Derhal geri çekilmeli… Mimarlar Odası’na göre, imar aflarının yarattığı ‘sağlam olmayan yapı stokları’ depremlerde yıkılarak, ağır bedeli topluma ödetiliyor. Mimarlar Odası Hatay Şubesi, hükümetin çalışmalarını yürütmekte olduğu İmar Affı uygulamasını desteklemediklerini ve tasarının derhal geri çekilmesi gerektiğini savundu. Mimarlar Odası Hatay Şubesi Yönetimi adına yapılan açıklamada, son 20 yılda “küreselleşme” adı altında ortaya konulan yeni […]

Derhal geri çekilmeli…

Mimarlar Odası’na göre, imar aflarının yarattığı ‘sağlam olmayan yapı stokları’ depremlerde yıkılarak, ağır bedeli topluma ödetiliyor.

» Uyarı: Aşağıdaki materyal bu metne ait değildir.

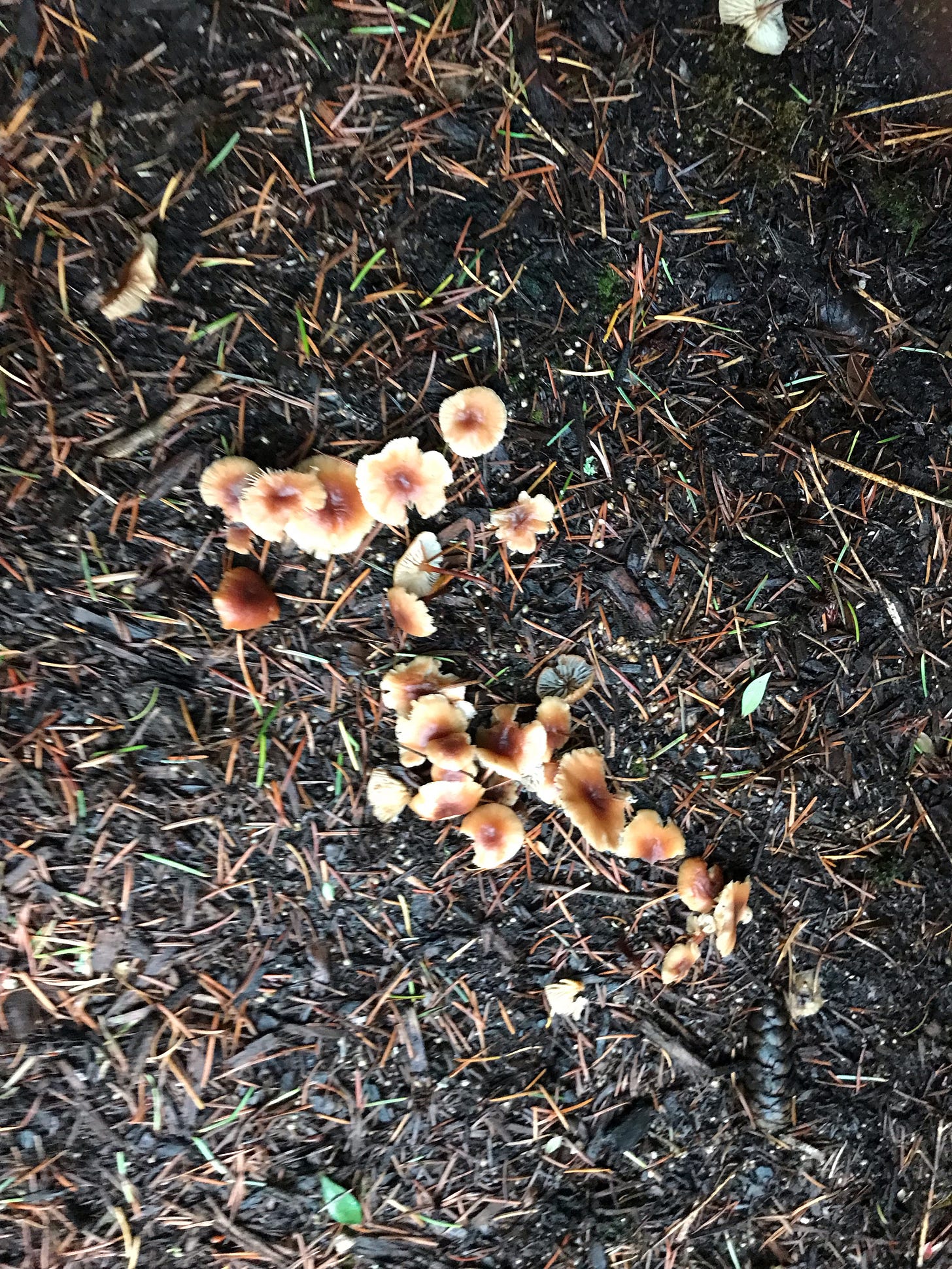 Mushrooms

Mimarlar Odası Hatay Şubesi, hükümetin çalışmalarını yürütmekte olduğu İmar Affı uygulamasını desteklemediklerini ve tasarının derhal geri çekilmesi gerektiğini savundu. Mimarlar Odası Hatay Şubesi Yönetimi adına yapılan açıklamada, son 20 yılda “küreselleşme” adı altında ortaya konulan yeni liberal politikaların ülkemize yansımasıyla oluşan ekonomik darboğazın sonuçları olarak, “Kent topraklarını ve doğal kaynakları pazarlayarak aşmaya çalışan AKP Hükümetleri; planlama ve imar mevzuatı ile getirilmiş olan düzenleyici kural ve sınırlandırmaları, ekonomik gelişimin önünde engel görmekte, özellikle son yıllarda birbiri ardına değişiklik ve düzenlemeler gerçekleştirmektedir” denildi.

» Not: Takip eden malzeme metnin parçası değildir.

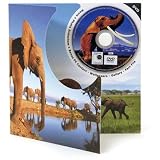 Elephant DVD Theme Card - Blank Greetings Card For Any Occasion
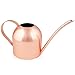 Homarden 30oz Metal Indoor Outdoor Plant Watering Can for House Plants (Copper Color) primary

İmar aflarının, sağlam olmayan yapı stoklarına yol açtığı, bunların da olası depremlerde yıkılarak topluma ağır bedeller ödetildiği görüşüne de yer verilen Mimarlar Odası açıklaması şöyle:
“Ülkemizde şimdiye kadar çıkarılan tüm imar afları; mevcut iktidarların seçim dönemlerinde ekonomik gelir ve oy elde etmek amacı ile gündeme getirilmiştir. İmar afları kaçak yapılaşmayı, arazi gaspını ve bu yolla yerleşmeyi gelenek haline getirmiştir. Aflar; toplumsal adalet ve barışın zedelenmesine, planlama ve imar ile ilgili kurumlara yönelik güvenin azalmasına, zengin doğal kaynakların amaç dışı kullanımına ve çevre sorunlarına yol açmıştır.
Bu kez ise ‘İmar Barışı’ adı altında, hukuka saygılı yurttaşların cezalandırıldığı ve buna karşın imar suçu işleyenlerin ödüllendirildiği ‘İmar Affı’ bir kez daha gündeme getirilmektedir.

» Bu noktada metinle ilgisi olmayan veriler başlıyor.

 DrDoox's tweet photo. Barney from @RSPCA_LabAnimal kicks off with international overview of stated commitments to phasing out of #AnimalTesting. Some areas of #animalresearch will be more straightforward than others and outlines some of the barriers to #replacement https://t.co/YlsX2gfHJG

1984 Yılında çıkarılan 2981 Sayılı İmar Affı Yasası sonrası kaçak yapılaşma daha da artmış ve çevre sorunları büyümüştür. Ardından yaşanan 1999 Büyük Marmara Depremleri ile de büyük ölçüde imar aflarının yarattığı, sağlam olmayan yapı stokunun yıkılmasının ağır bedeli topluma ödetilmiştir. Yapıların, hatta mahallelerin yerle bir olması ve yaşanan can kayıpları nedeniyle; imar afları bugüne kadar gündemden kaldırılmıştı. İktidar tarafından seçim sürecinde yasalaştırılmak üzere TBMM’nin gündemine getirilen ‘İmar Affı’ ise oluşan tepkileri azaltmak amacıyla ‘İmar Barışı’ olarak tanıtılmak istenmektedir.
Yeni ‘İmar Affı’ ve denetimsiz yapılar ile; toplumun sağlığını ve can güvenliğini tehlikeye atan kentsel gelişmelere yol açacak, doğa olaylarının afete dönüşerek pek çok insanın hayatını kaybetmesine neden olacak popülist uygulamalar yeniden ve sınırsız bir şekilde yürürlüğe sokulmaktadır. Oysa topraklarının tamamı depremsellik koşullarında olan Türkiye’de, deprem nedeniyle ortaya çıkan toplumsal ve ekonomik kayıplar, ciddi tedbirler alınmasını gerektirmektedir.
‘Yurttaşların mağduriyeti’ gerekçe gösterilerek gündeme getirilen ‘İmar Affı’ ile; kıyı alanları, tarım arazileri, orman alanları, içme suyu havzaları ve tarihi, doğal, arkeolojik sit alanları üzerine inşa edilen bina ve tesisler dâhil olmak üzere, bütün kaçak yapıların yasal hale getirilmesi söz konusudur.
Meslek Odaları, sivil toplum kuruluşları ve yurttaşlar tarafından açılan hukuk davalarında yargı tarafından planları ve ruhsatları iptal edilen, ayrıcalıklı imar hakları verilerek her biri bir ‘kent ve çevre suçu’ niteliğinde yükselen yapılar yasallaştırılmak istenmektedir.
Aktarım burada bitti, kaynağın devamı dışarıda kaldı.